#### Input material
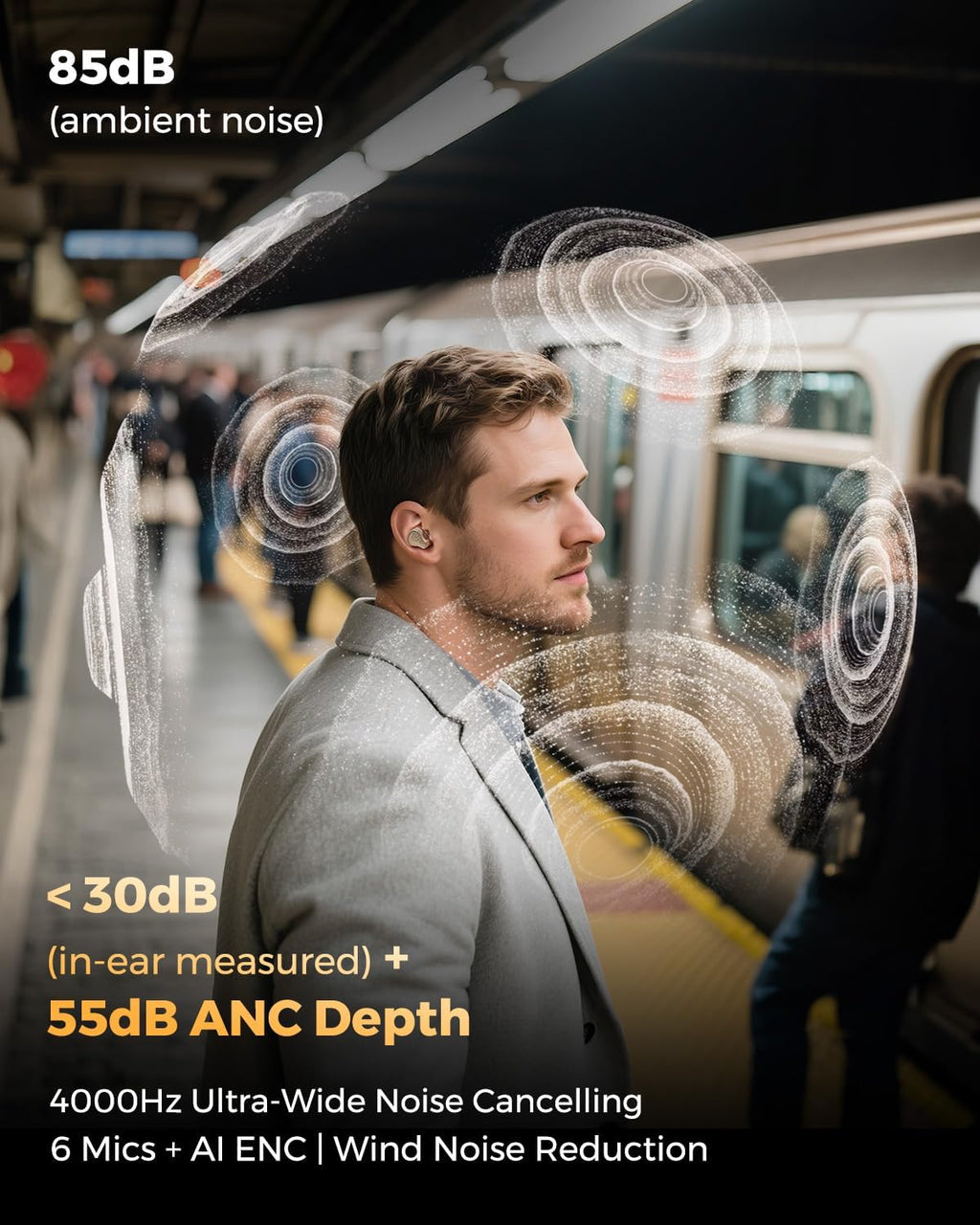 SoundPEATS H3 Hi-Res Wireless Bluetooth Headphones with LDAC, aptX Lossless, Triple Units (1DD+2BA), 55dB Active Noise Cancellation, 6 AI Microphones, Transparent Mode, BT5.4, APP, 37H, IPX5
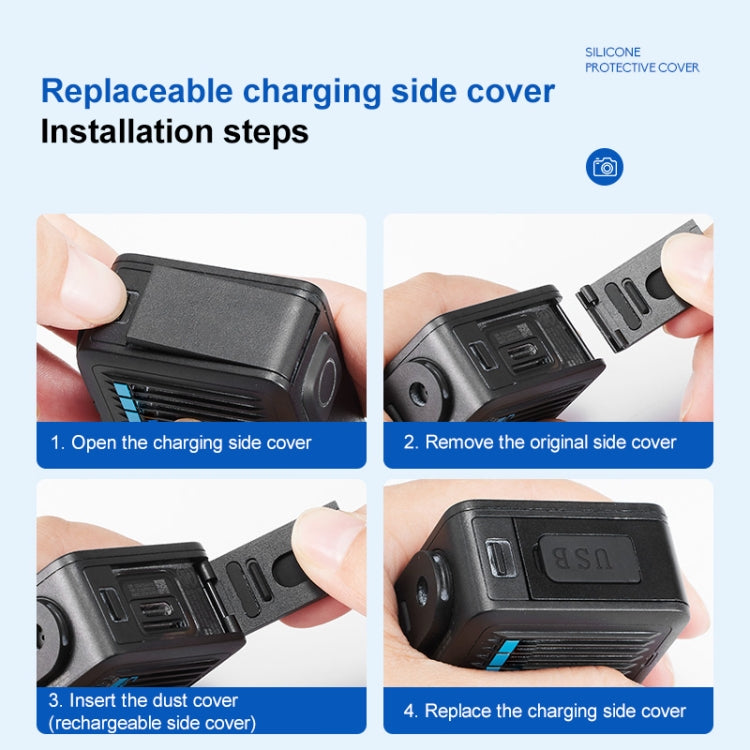 For GoPro HERO 2024 Side Interface Door Cover, Side Interface Cover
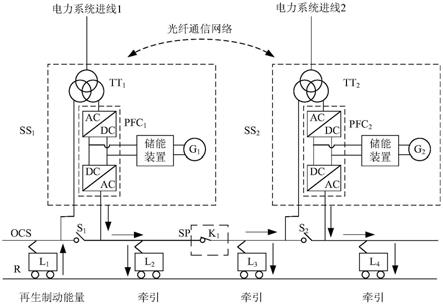 基于三网融合的网络化牵引供电系统的制作方法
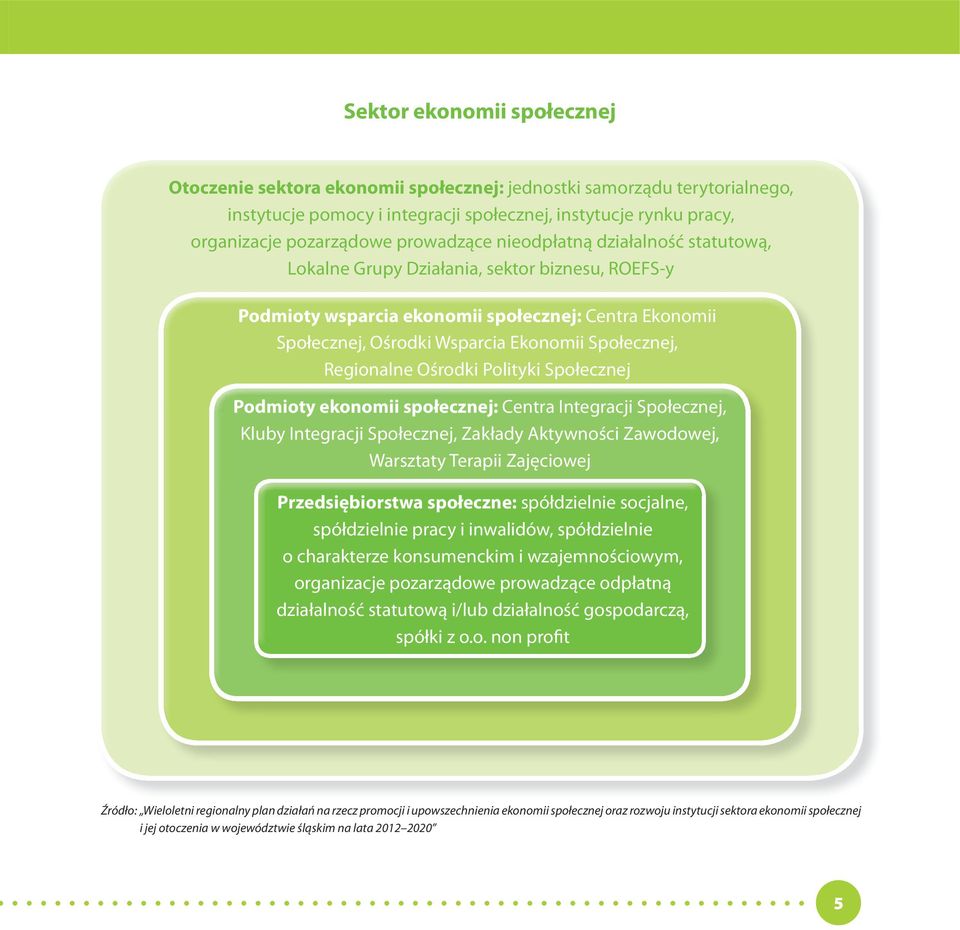 Regionalne Ośrodki Polityki Społecznej Podmioty ekonomii społecznej: Centra Integracji Społecznej, Kluby Integracji Społecznej, Zakłady Aktywności Zawodowej, Warsztaty Terapii Zajęciowej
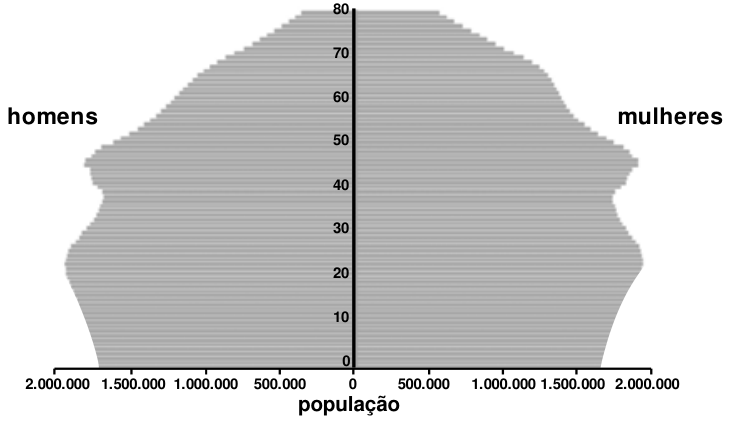 Gráfico de pirâmide etária absoluta do Brasil projetada para 2030, com homens à esquerda e mulheres à direita, idade de 0 a 80 anos e população até 2.000.000. A base é mais estreita que as anteriores, com alargamento nas faixas adultas (20 a 50 anos) e maior proporção de idosos.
########
» What to produce:
Omit the pictures. Output every record above word for word.

» Solution:
 SoundPEATS H3 Hi-Res Wireless Bluetooth Headphones with LDAC, aptX Lossless, Triple Units (1DD+2BA), 55dB Active Noise Cancellation, 6 AI Microphones, Transparent Mode, BT5.4, APP, 37H, IPX5
 For GoPro HERO 2024 Side Interface Door Cover, Side Interface Cover
 基于三网融合的网络化牵引供电系统的制作方法
 Regionalne Ośrodki Polityki Społecznej Podmioty ekonomii społecznej: Centra Integracji Społecznej, Kluby Integracji Społecznej, Zakłady Aktywności Zawodowej, Warsztaty Terapii Zajęciowej
 Gráfico de pirâmide etária absoluta do Brasil projetada para 2030, com homens à esquerda e mulheres à direita, idade de 0 a 80 anos e população até 2.000.000. A base é mais estreita que as anteriores, com alargamento nas faixas adultas (20 a 50 anos) e maior proporção de idosos.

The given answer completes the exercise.